Roy was many, many things, but he was, above all, his friends. There are others here today whose friendship with Roy goes back to high school, even junior high. But feeling trumps fact here, because one of the marvelous things about Roy was his gift for making you feel as if you had hung out with him in junior high. Thanks to Roy’s abiding allegiance and affection for us all – his remembrance of our birthdays, for example, his care to update us on our friends – we all belonged to the imagined community of Roy Rosenzweig: Let’s call it Royville.
So it is a comfort to me to see Royville assembled here this afternoon. No longer imagined, no longer virtual, but here, present. Once again, our friend and comrade, our confidant and collaborator has managed to bring us together. Though if were he here himself, you know that he would have a list of better things we might be doing with our time.
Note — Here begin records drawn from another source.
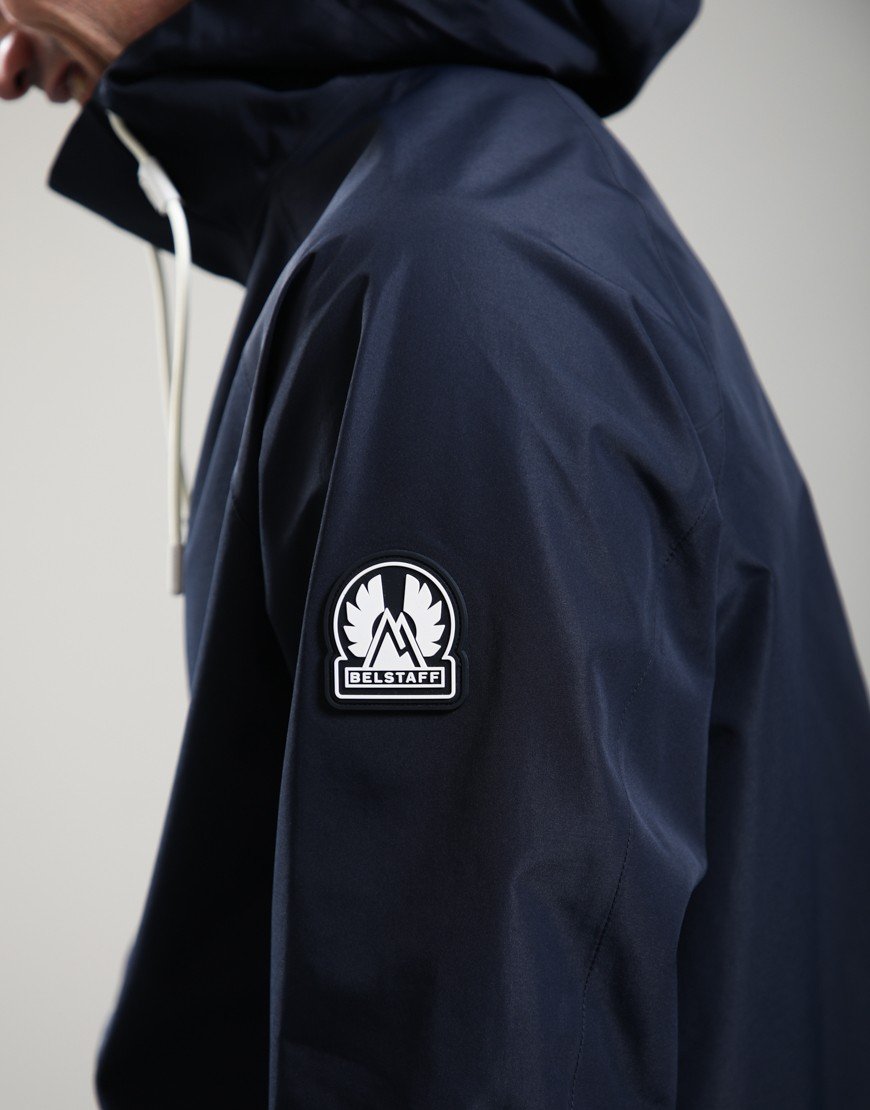 Belstaff Annapurna Parka Dark Ink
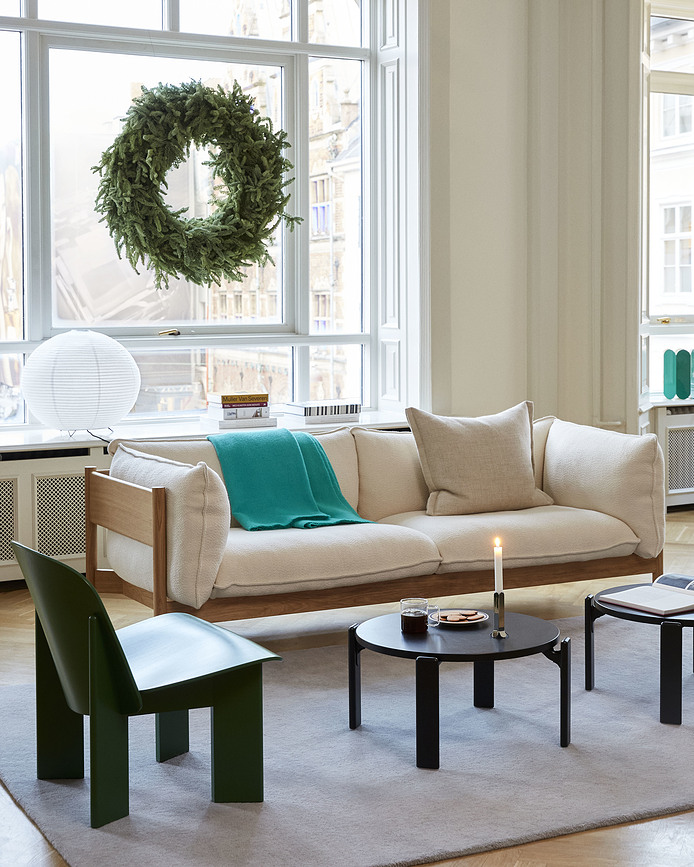 Mono Couverture 130 x 180 cm, vert marin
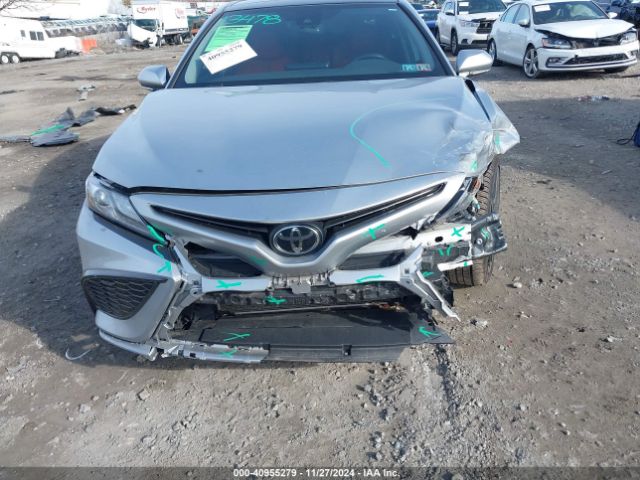 4T1K61BK1NU066564 Toyota Camry Xse Awd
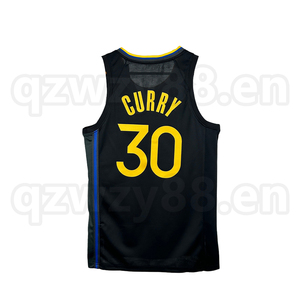 Ventes en gros de maillots de basket-ball américains de haute qualité, respirants, grande taille, toutes les équipes, pour Golden State, pour <span class=keywords><strong>Curry</strong></span>, meilleurs maillots - Product Image 4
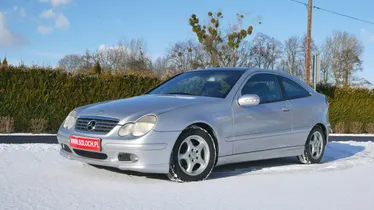 MERCEDES-BENZ C Klasa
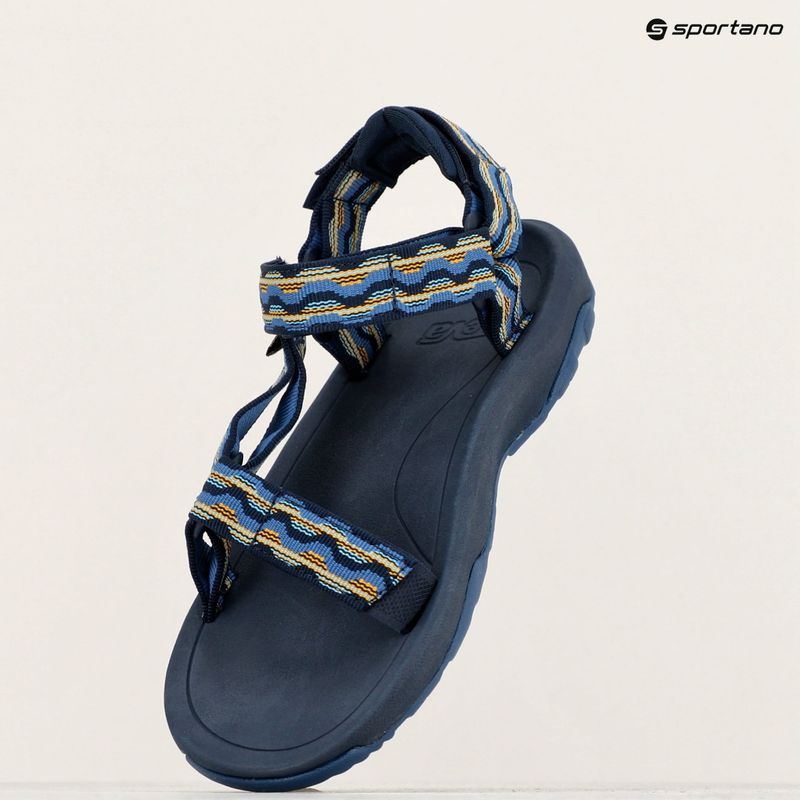 Paauglių sandalai Teva Hurricane XLT2 kishi dark blue 11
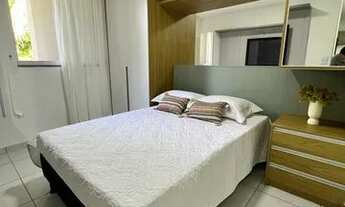 Imagem 4: Apartamento para venda com 48 metros quadrados com 2 quartos em Messejana - Fortaleza - CE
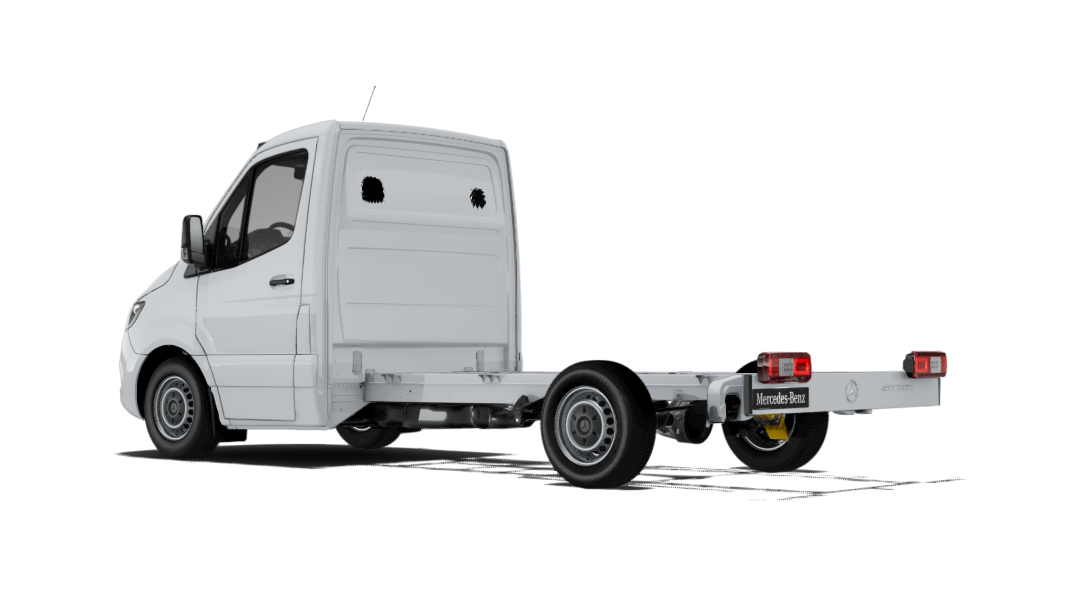 Sprinter Fahrgestell PRO 419 CDI standard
Frankly, what we’re saying and doing today would have been unendurable for Roy, like a collective hug that went on and on, beyond reason. But what we’re feeling today -- certainly what I’m feeling -- is beyond reason. The love we felt for him, the love we took from him.
The last time I remember such a gathering was more than 25 years ago, at Roy’s and Deborah’s August wedding in Middletown, Connecticut, where I distinctly remember thinking to myself: A wedding. What a wonderful pretext, what a great excuse for all of us to call to order the first official meeting -- the charter meeting -- of the Roy-and-Deborah fan club. For that is what that gathering was at that moment of happiness there on that sunlit lawn on that summer afternoon, and that is what it still is, here in this room, at this moment of our grief and loss.
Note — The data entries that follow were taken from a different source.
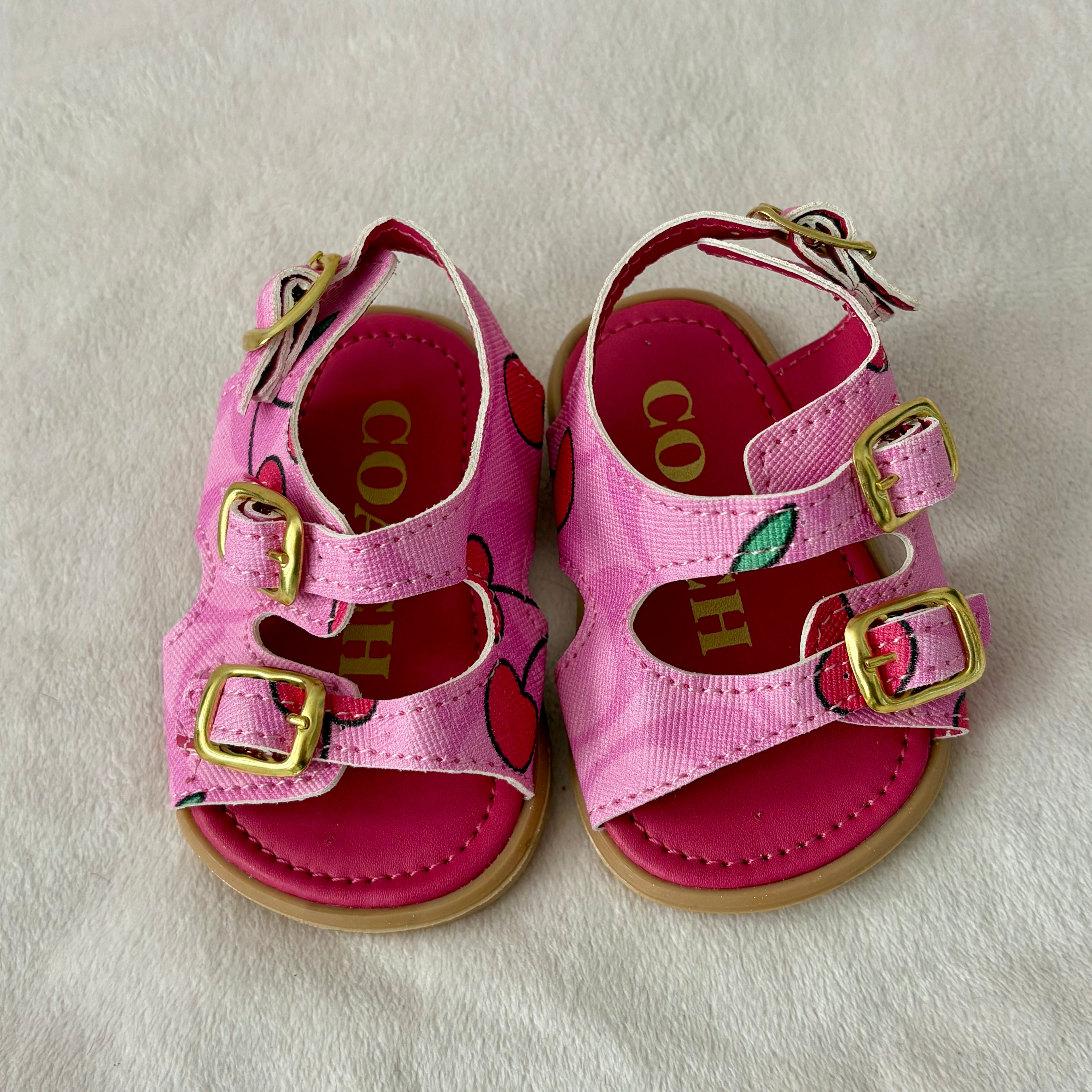 Baby Fucsia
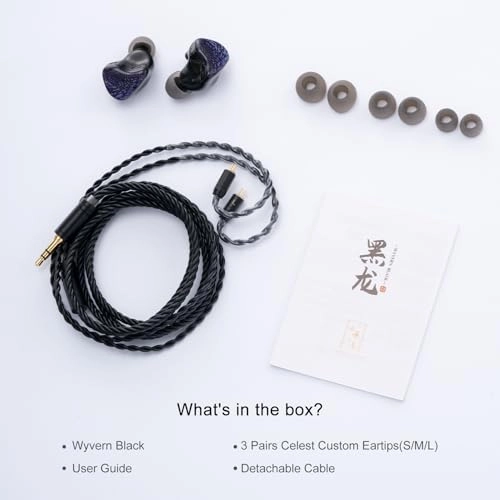 Celest Wyvern Wired Earphone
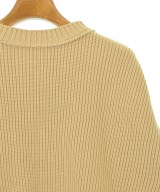 MACPHEE（マカフィー）ニット・セーター ベージュ サイズ:S レディース/2200671362010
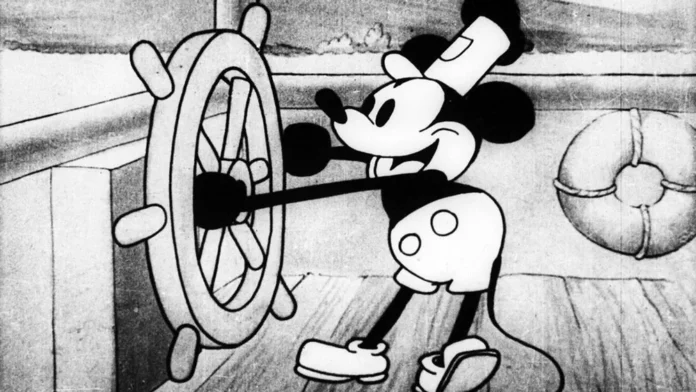 Foto Mickey Mouse Courtesy of Disney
But was it not always been thus? From the legendary stickball games in Bayside to pick-up hoops in Cambridge, from dinners at 82 Kirkland Street to picnics in Craryville, from those godawful chocolate donuts and cans of Tab at the Urban Center at Harvard to the gallons of coffee at the History and New Media Center at George Mason, Roy drew us together in one way or another, turning the various pretexts for gathering into real texts: textbooks, monographs, anthologies, slide tapes, cd roms and finally the on-line loop of digital knowledge which so perfectly replicates (at least for me) the circles of friendship and knowledge that Roy himself generated over the years. Six degrees of Roy.
Early on, there was MARHO, the Mid-Atlantic Radical Historians Organization, the small nucleus of editorial collectives that started the Radical History Review more than three decades ago. Roy and I would often joke about the now long forgotten MARHO regional associates, a loose network of corresponding members –many of them isolated (by their own account) at various Midwestern and Southern colleges and universities. Wanting desperately to talk to someone, anyone, about, say, the impact of Daniel De Leon or the significance of the British General Strike of 1926. Had it not been for Roy’s empathy and his efforts over many years – all those letters and phone calls -- this committee of correspondence among left historians would have disappeared. No one else in MARHO was willing to take that job. And so it fell to Roy, or rather Roy rose to it.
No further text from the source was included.